Estancia Harberton
"Les Bridges ont bâti quelque chose fait pour durer. Ils ont eu raison de penser que cela tiendrait."
Thomas Bridges est arrivé en Terre de Feu comme missionnaire et a fini par documenter la langue yaghane si méticuleusement que son dictionnaire — 32 000 mots, écrits à la main — reste le principal témoignage d’une langue que presque plus personne ne parle. Son fils Lucas a écrit un mémoire intitulé Uttermost Part of the Earth qui est l’un des plus beaux livres jamais publiés sur cette région. L’estancia qu’ils ont fondée en 1886 appartient toujours à la famille, ce qui est un fait remarquable pour un endroit où la plupart des choses n’ont pas duré.
J’ai parcouru les quarante kilomètres de piste reliant Ushuaia à Harberton par un matin de plafond bas et de pluie intermittente, la route serpentant à travers la forêt de hêtres lenga avant de s’ouvrir sur le canal de Beagle et les îles éparpillées à sa surface. Le canal est ici plus large qu’à Ushuaia, ses rives plus découpées. L’estancia occupe l’extrémité d’une péninsule, dans un port naturel si bien protégé qu’il semble coupé du temps qu’il fait au-dehors.
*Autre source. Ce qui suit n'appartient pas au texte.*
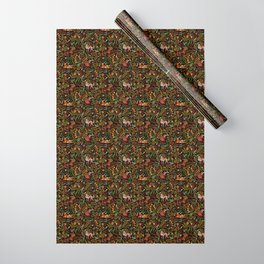 Khokhloma Forest Animals Wrapping Paper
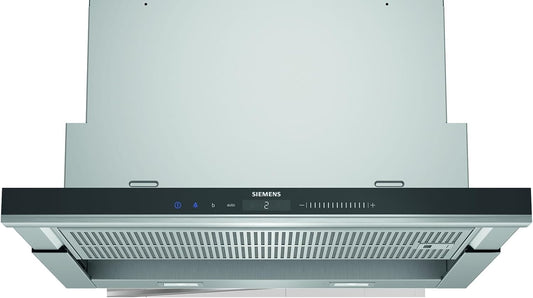 Siemens iQ700 hotte aspirante, 935 m³/h, acier inoxydable, noir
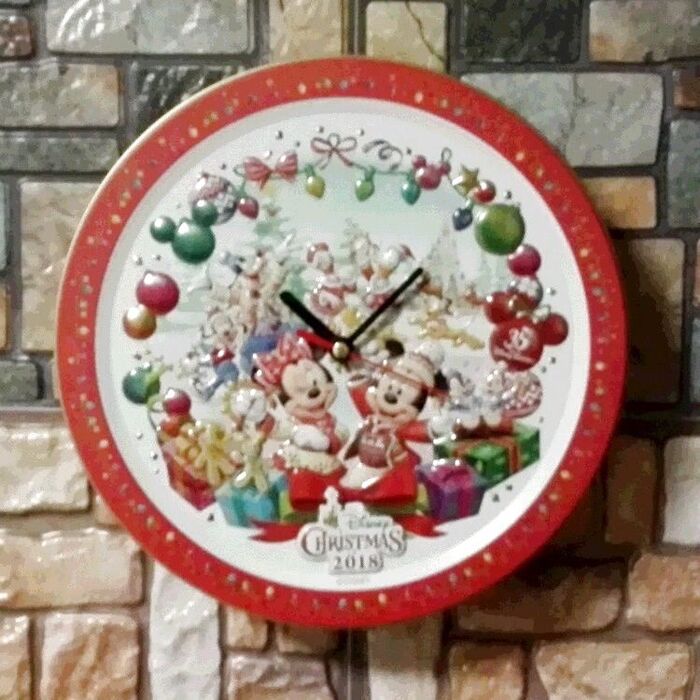 ★ディズニーのお菓子の空き缶で🕐掛時計!★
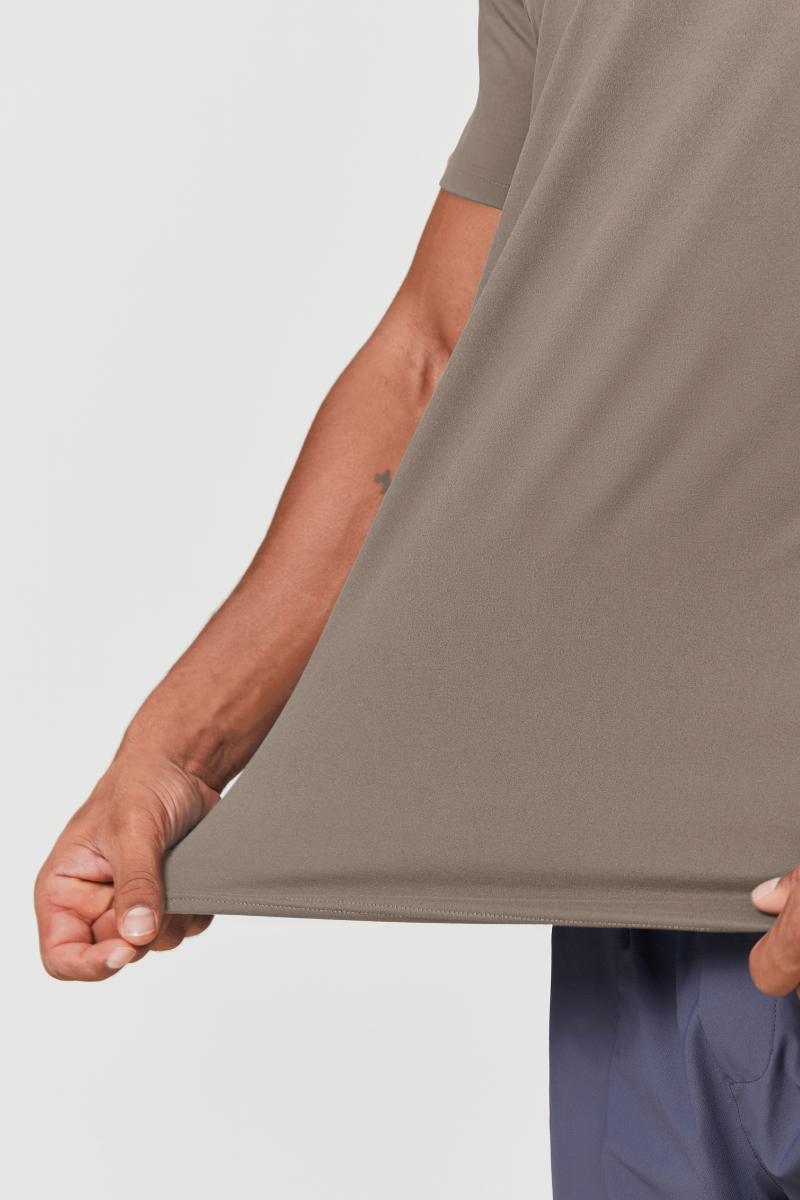 Men's Crew Neck Quick-Dry Athleisure T-shirt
Les bâtiments et ce qu’ils renferment
Les structures d’origine tiennent toujours debout : la maison de bois blanc, l’atelier de construction navale, la grange, la petite église. Elles sont modestes et fonctionnelles, à la manière des stations de travail bâties par des gens qui avaient besoin que les choses durent plutôt qu’elles n’impressionnent. Les propriétaires actuels proposent des visites guidées qui retracent l’histoire du domaine — le travail missionnaire, les relations avec le peuple yaghan, les premières années de l’élevage, la transition vers ce qu’est l’estancia aujourd’hui.
Ce à quoi je ne m’attendais pas, c’était le musée des mammifères marins, Acatushún, qui abrite la collection la plus complète au monde de spécimens de cétacés et de pinnipèdes austraux. Les chercheurs y consacrent des décennies à cataloguer les espèces échouées le long des côtes du canal de Beagle. Les crânes de baleines à bec — des espèces si rares qu’on ne les connaissait, lors de leur première description, que par des fragments de squelette — reposent dans des vitrines aux côtés de squelettes complets d’espèces que je n’avais jamais croisées dans aucun aquarium ni musée d’histoire naturelle. On aurait dit une bibliothèque privée qui se trouvait être faite d’ossements.
La colonie de manchots de Martillo
Harberton gère l’accès à l’Isla Martillo, où la colonie de manchots de Magellan n’est accessible que par des excursions partant de l’estancia. C’est en réalité une bien meilleure expérience que les sorties en catamaran au large depuis Ushuaia — des groupes plus petits, plus de temps, et la possibilité de marcher parmi les manchots plutôt que de les observer depuis le large. J’ai passé deux heures sur l’île en février, quand les poussins approchaient de la taille adulte mais portaient encore par plaques leur duvet gris, ce qui leur donnait l’air de peluches en partie déplumées.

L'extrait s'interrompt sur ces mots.